# [MATERIAL FOR THIS TASK]
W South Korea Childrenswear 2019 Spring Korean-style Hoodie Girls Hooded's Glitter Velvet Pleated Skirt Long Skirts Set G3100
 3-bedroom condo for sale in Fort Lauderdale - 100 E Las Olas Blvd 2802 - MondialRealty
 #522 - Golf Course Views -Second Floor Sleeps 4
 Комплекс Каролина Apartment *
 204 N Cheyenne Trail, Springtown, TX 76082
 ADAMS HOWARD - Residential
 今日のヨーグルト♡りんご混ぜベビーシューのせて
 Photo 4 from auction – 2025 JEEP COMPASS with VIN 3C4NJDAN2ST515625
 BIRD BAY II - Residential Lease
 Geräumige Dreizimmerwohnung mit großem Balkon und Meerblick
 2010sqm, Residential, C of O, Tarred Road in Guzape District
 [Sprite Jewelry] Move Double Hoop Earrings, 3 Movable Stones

# [EXERCISE REQUIREMENTS]
Please retype the records above starting with the line that contains "Photo 4 from" and stopping after the last line, changing nothing.

# [EXPECTED OUTPUT]
 Photo 4 from auction – 2025 JEEP COMPASS with VIN 3C4NJDAN2ST515625
 BIRD BAY II - Residential Lease
 Geräumige Dreizimmerwohnung mit großem Balkon und Meerblick
 2010sqm, Residential, C of O, Tarred Road in Guzape District
 [Sprite Jewelry] Move Double Hoop Earrings, 3 Movable Stones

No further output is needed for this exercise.